Directions for this task: Exactly reproduce the lines of the listing below from the one containing "VIVIENNE WESTWOOD BAS" through the one containing "Used 2018 Nissan". Skip the images.

Working data:
####

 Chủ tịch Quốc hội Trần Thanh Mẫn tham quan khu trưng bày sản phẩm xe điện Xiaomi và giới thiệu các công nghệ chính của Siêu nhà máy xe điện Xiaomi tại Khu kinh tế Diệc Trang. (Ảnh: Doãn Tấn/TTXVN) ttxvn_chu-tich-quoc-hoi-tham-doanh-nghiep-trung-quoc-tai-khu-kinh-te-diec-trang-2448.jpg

####

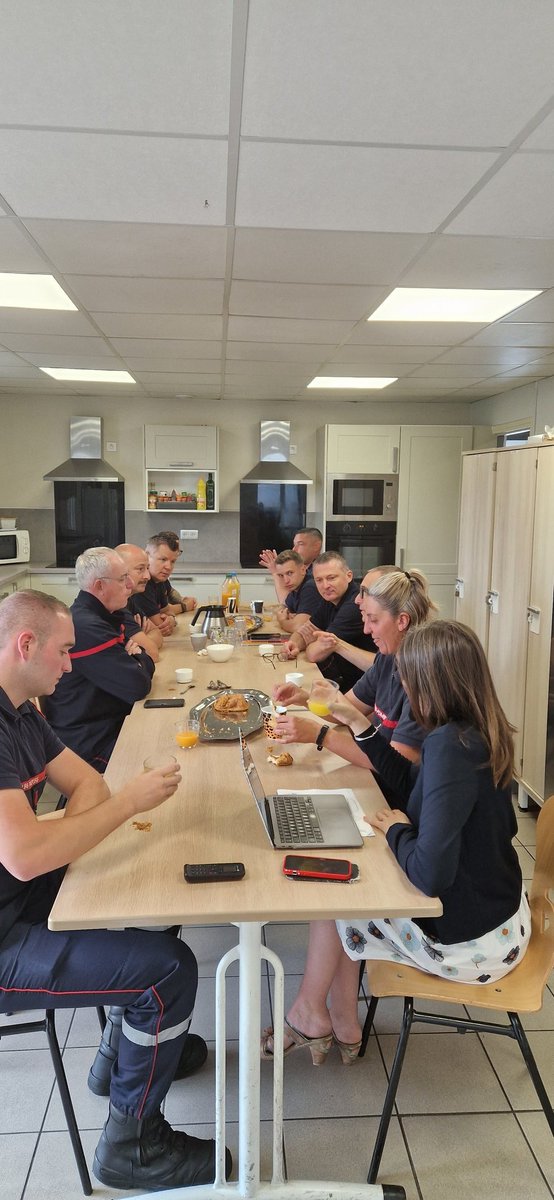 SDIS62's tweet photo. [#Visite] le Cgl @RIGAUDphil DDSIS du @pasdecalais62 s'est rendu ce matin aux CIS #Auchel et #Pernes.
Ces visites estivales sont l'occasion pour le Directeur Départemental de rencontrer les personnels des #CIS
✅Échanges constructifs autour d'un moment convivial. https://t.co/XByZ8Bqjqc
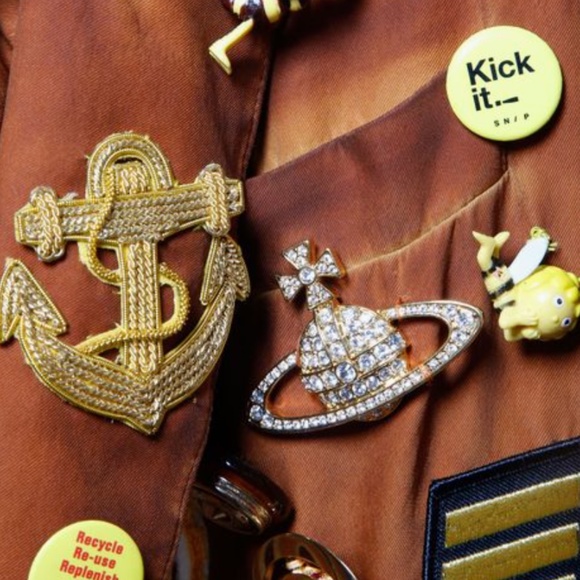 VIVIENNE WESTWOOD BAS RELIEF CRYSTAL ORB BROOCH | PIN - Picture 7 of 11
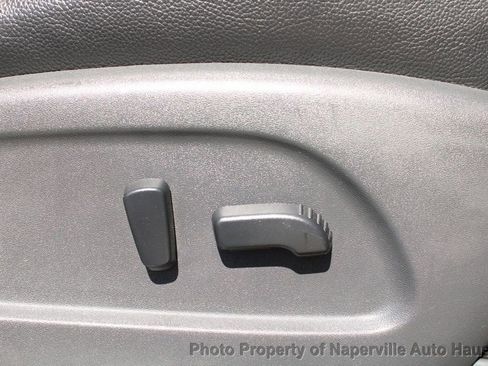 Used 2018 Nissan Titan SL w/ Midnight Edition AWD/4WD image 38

####

Written response:
 VIVIENNE WESTWOOD BAS RELIEF CRYSTAL ORB BROOCH | PIN - Picture 7 of 11
 Used 2018 Nissan Titan SL w/ Midnight Edition AWD/4WD image 38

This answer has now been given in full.